We formed a company called Prescience International in San Francisco, with the goal of providing everything an innovator and an investor would need to form a company, and accelerate the best science to patients in a time and cost-efficient way. We provided lab space, equipment, training, set them up with compliance procedures, and even provided consulting and education on business, science and operations. We convinced investors that this model would make a better return, and because we housed multiple companies, we gave our scientists a community and opportunities to network and collaborate.
Most importantly, I believed it was critical to make this a no-strings-attached model – where innovators were incentivised to build as much value as they could on their own so their returns in the business of health might rival the returns tech entrepreneurs realised. By creating an open innovation approach, I believed early-stage innovation would not only multiply and accelerate, but that with more and better shots at goal, we would have a higher probability of reaching patients.
The wildest thing about all this? It worked. So we decided to expand to San Diego, where we caught the eye of Janssen Pharmaceuticals, the R&D arm of Johnson & Johnson, and JLabs was officially born.
It has been five years since the launch of JLabs, and the growth we have experienced has finally started to feel for me like we are making a difference in early-stage health innovation, and not just in pharma, but across many sectors in healthcare. We have grown to eight locations across the US and Canada, with New York set to open early next year. We want to empower, enable and inspire innovators around the world to make a difference for their region, for their people.
I am proud of the opportunity JLabs gives the best and the brightest to set their sights on a mission to help people live long and healthy lives. We currently have more than 190 companies inside JLabs, with 121 more in our alumni network, all focused on health. My dream is for patients all over the world, lying in hospital beds at this very moment as I once did, to know we have an army of people fighting for them – hopefully never to hear those dreaded words: “We don’t know.”

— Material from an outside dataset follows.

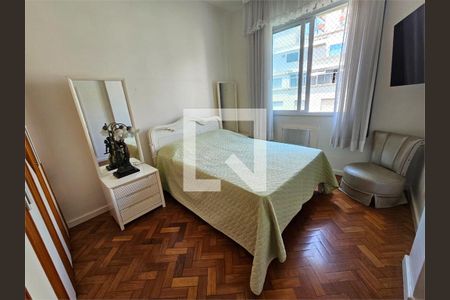 Apartamento à venda com 3 quartos, 156m² em Copacabana, Rio de Janeiro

To this day, the emotions I went through in that moment in Beijing still overwhelm me, and at the same time I realise that in that moment was the gift of life – a purpose that has fuelled me through the hills and valleys of this journey to create a productive, proud and purposeful community for health. It is the common thread that binds all our scientists and entrepreneurs in JLabs – setting our sights on overcoming disease and willing to risk everything to see it through. That is what our innovators are doing every day, and although we may be providing them with the platform, they are the real heroes. They are the ones dedicating their lives so we might live and thrive.